Element mixing distribution and structure feature of fusion zone in laser welding between different alloys and pure titanium

目的 观察异种金属激光焊接后的组织微观结构、元素的混熔分布和激光对金铂、镍铬、纯钛、钴铬等异种合金 (金属 )焊接的可行性。方法 采用扫描电镜对熔焊区的金相组织结构变化观察。同时用超薄窗X射线能谱仪扫描分析、测试混熔后的元素分布和趋向。结果 ①金铂、镍铬、钴铬异种合金相互焊接后熔焊区的组织过度良好、界限不清。有网状、柱状、枝状结构生成 ,属冶金结合。而所有与钛金属焊接后的混熔区组织过度不良、晶粒增大明显、形态不规则 ,有微裂发生。②在熔焊区内 ,钛元素多成旋涡状出现。而其他合金的元素混熔分布均匀。元素峰波波值受所在部位所决定。结论 钛金属与其他合金进行合金化时 ,极易发生脆性相。

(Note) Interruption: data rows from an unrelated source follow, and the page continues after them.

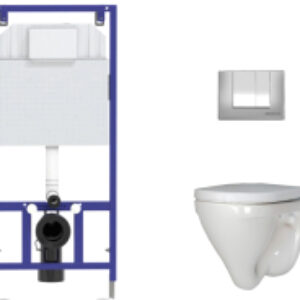 Унитаз подвесной с инсталляцией Attica SL DM ATCSLWH0104 + 525 040000 + S3 040043 21век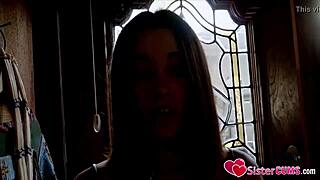 bratty young 18+ stepsis punished for getting home too late aria lee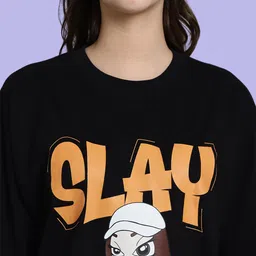 Fabflee Pack Of 2 Graphic Printed Drop-Shoulder Sleeves Oversized Cotton T-shirt image 4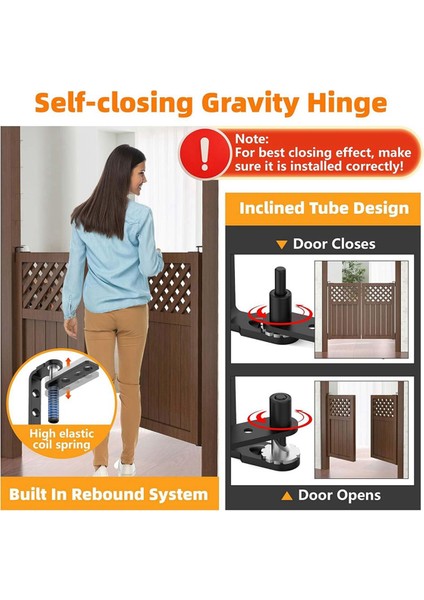 Kafe Kapı Menteşeleri Salıncak Kapı Donanımı Salon Kapı Menteşeleri Siyah (Yurt Dışından) indirimleri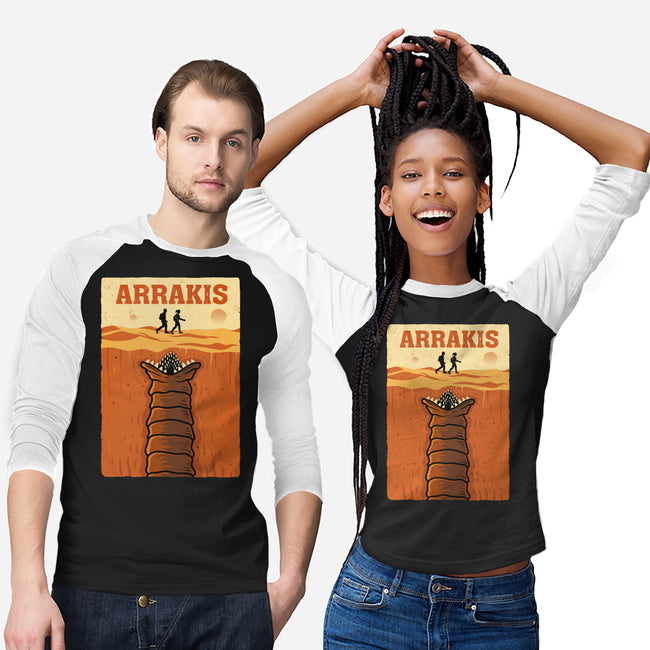 Desert Attack Arrakis-Unisex-Baseball-Tee-erion_designs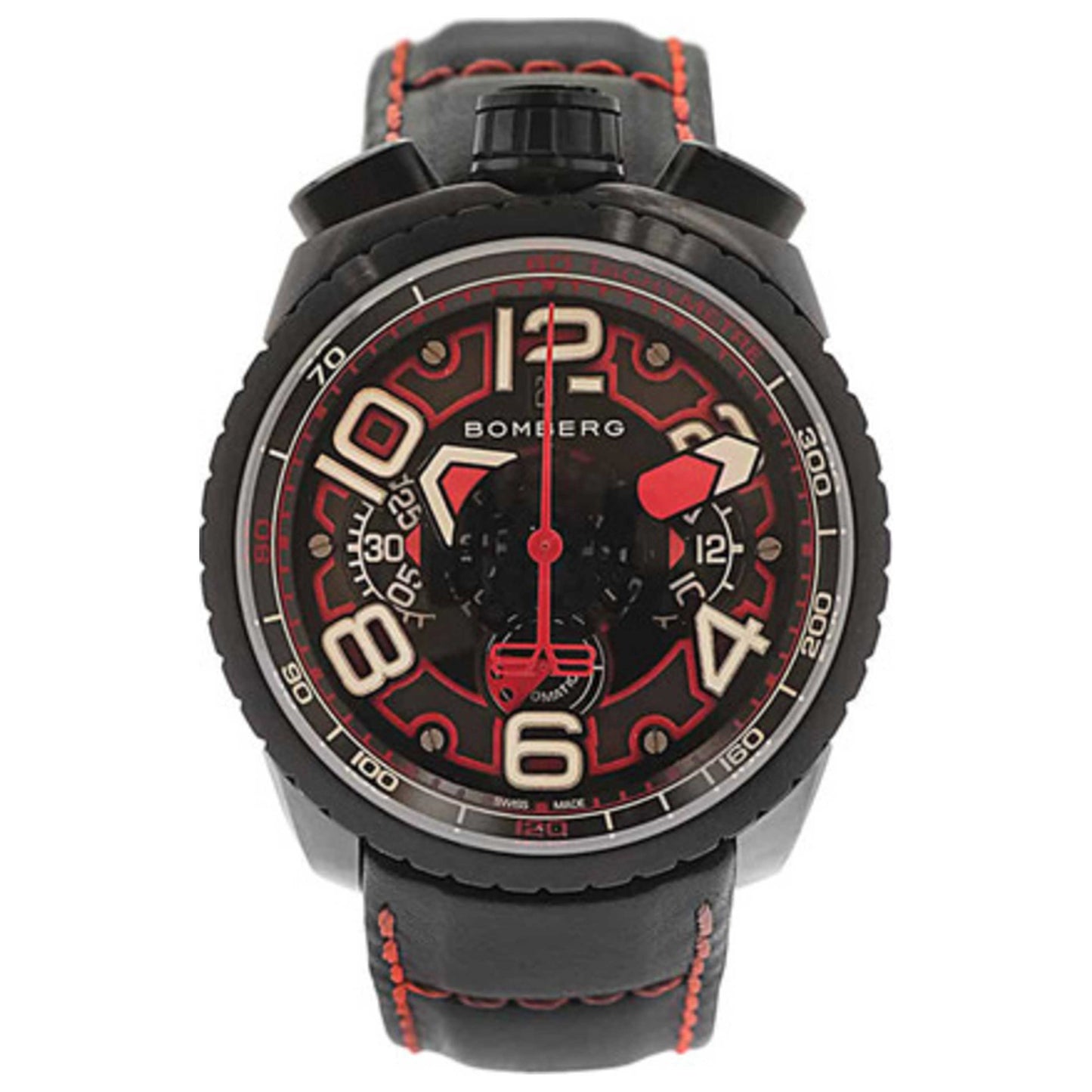 Front view of Bomberg Bolt-68 Men's Automatic Watch BS47CHASP-041-1-3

异种金属除不易与钛金属配对焊接以外 ,激光对其他齿科异种合金相互焊接的效果是理想的。

Objective To study micro morphology and element mixing distribution of different alloys welded in laser and analyze the feasibility of laser welding different alloys. Methods Alloys and titanium were matched into 4 groups: Au Pt with Ni Cr; Au Pt with pure Ti; pure Ti with Ni Cr; Ni Cr with Co Cr. They were welded in laser. Changes in metallography after hybridization of crystalline grain, ranges of heat affected zone and pores were observed through SEM with ultra thin windowed X ray energy atlas. Meanwhile 10 testing points were chosen with area of 300 μm × 900 μm along the welding surface from the side A alloy to the side B alloy, than the element mixing distribution and tendency were analyzed with X ray energy atlas. Results 1. Hybridization of different alloys: (l) in the group of Au Pt with Ti, there was titanium element mixing into Au Pt tissue gradually and evenly on the Au Pt side of the interface without clear boundary and increasing in size of crystalline grain. However, there was titanium crystalline grain increasing in size, irregular morphology and small sacks on the titanium side with clear boundary. (2) in the group of Ni Cr with Ti, there was mixing regularly, slow transition and interlocks between crystalline grains on the Ni Cr side of the in terface. Poor transition, clear boundary and small cracks were observed on titanium side. (3) in the group of Co Cr with Ni Cr, there was good transition, obscure boundary on both sides resulting from network, cylinder and branch structure growing. 2. Element mixing distribution of different alloys. In fusion zone, the metal elements in matched groups mixed well and hybridized into new alloys except titanium blocks. The location of wave peak depended on the composition of alloys. Most of elements were from the alloy far from the fusion zone. Conclusion The hybridization between pure titanium and any other alloys is not good The effect of laser welding different alloys is ideal except with pure titanium.